KLHDC2 – The Next Level!

[rmoretti]

You may remember that approximately a year ago we ran a series of puzzles which looked to find small molecules which bound to the KLHDC2 E3 ligase. Like VHL, (for which we've had success), molecules which bind KLHDC2 would be helpful in creating PROTACs, a new class of molecular regulators. But unlike VHL, there isn't a good druglike molecule which binds KLHDC2, just the naturally occurring peptide.

Collaborators at Boehringer Ingelheim have pored over the results of the first set of KLHDC2 puzzles. Due to logistics considerations, custom synthesis of the full designs wasn't feasible at the time. Additionally, the direct path from peptide to small molecule is a difficult and risky one. Instead, based on the first round results, medicinal chemists identified 17 core motifs which were common in the designed molecules, looked promising for further development, and which could be easily obtained. By confirming which compound cores which work well, we can have better confidence that derivative molecules would show activity.
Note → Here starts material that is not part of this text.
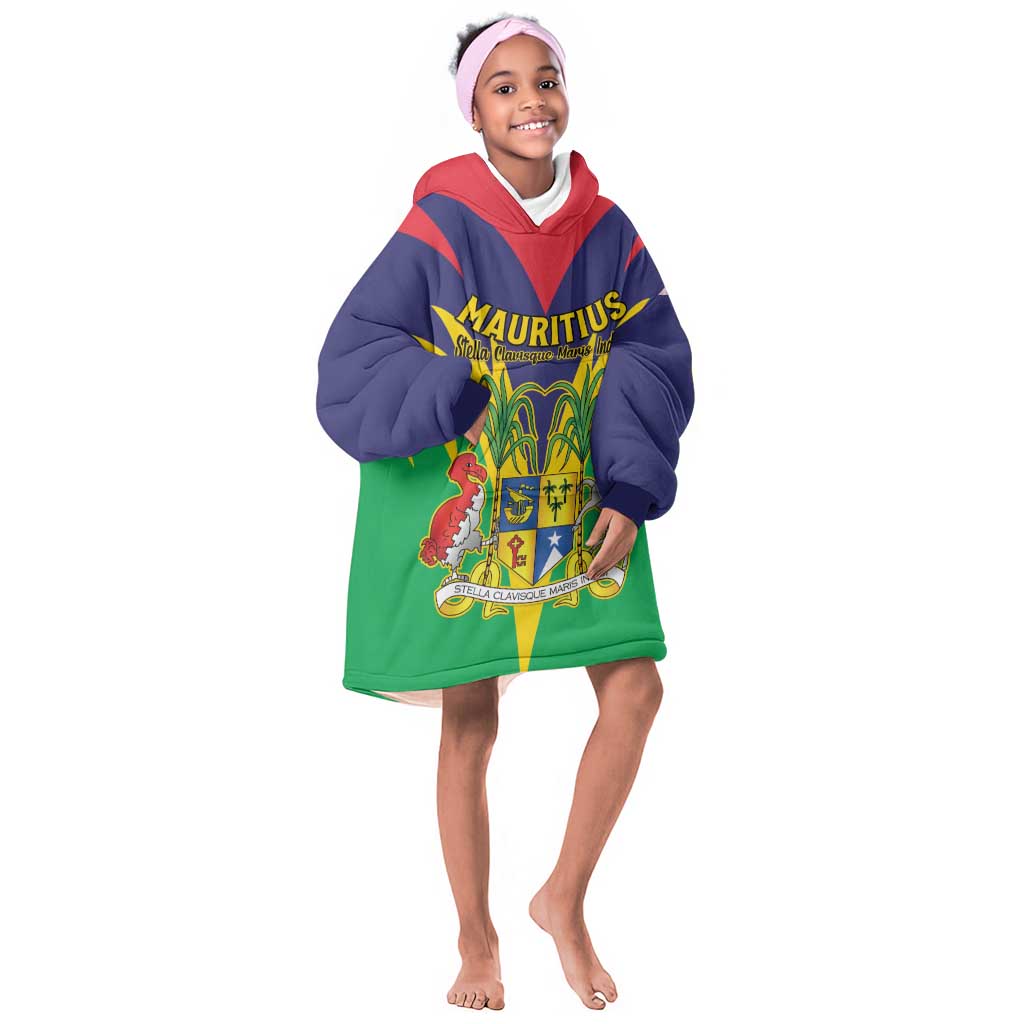 Personalised Republique de Maurice Kid Wearable Blanket Hoodie Coat Of Arms Flag Style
BI experimentalists then used a technique called saturation transfer difference NMR, which is sensitive to even weak binding. They could confirm binding of a number of molecules, and could even confirm that they bound in the proper location by examining how the naturally occurring peptide competed with small molecule binding.

A listing of all the fragment molecule tested. The compounds with stars indicate those which showed binding activity.

With the knowledge of which compounds bound, we embarked on the sometimes difficult process of determining crystal structures of the bound complex. And we were successful! Crystals with compound 12 bound to the KLHDC2 protein were obtained, and they showed that binding happened in exactly the way we hoped.

Binding of the small molecule to the KLHDC2 protein. Left, the major interactions of the compound to the protein. Right, a comparison of the small molecule (in green) with the binding mode of the naturally occurring peptide (cyan).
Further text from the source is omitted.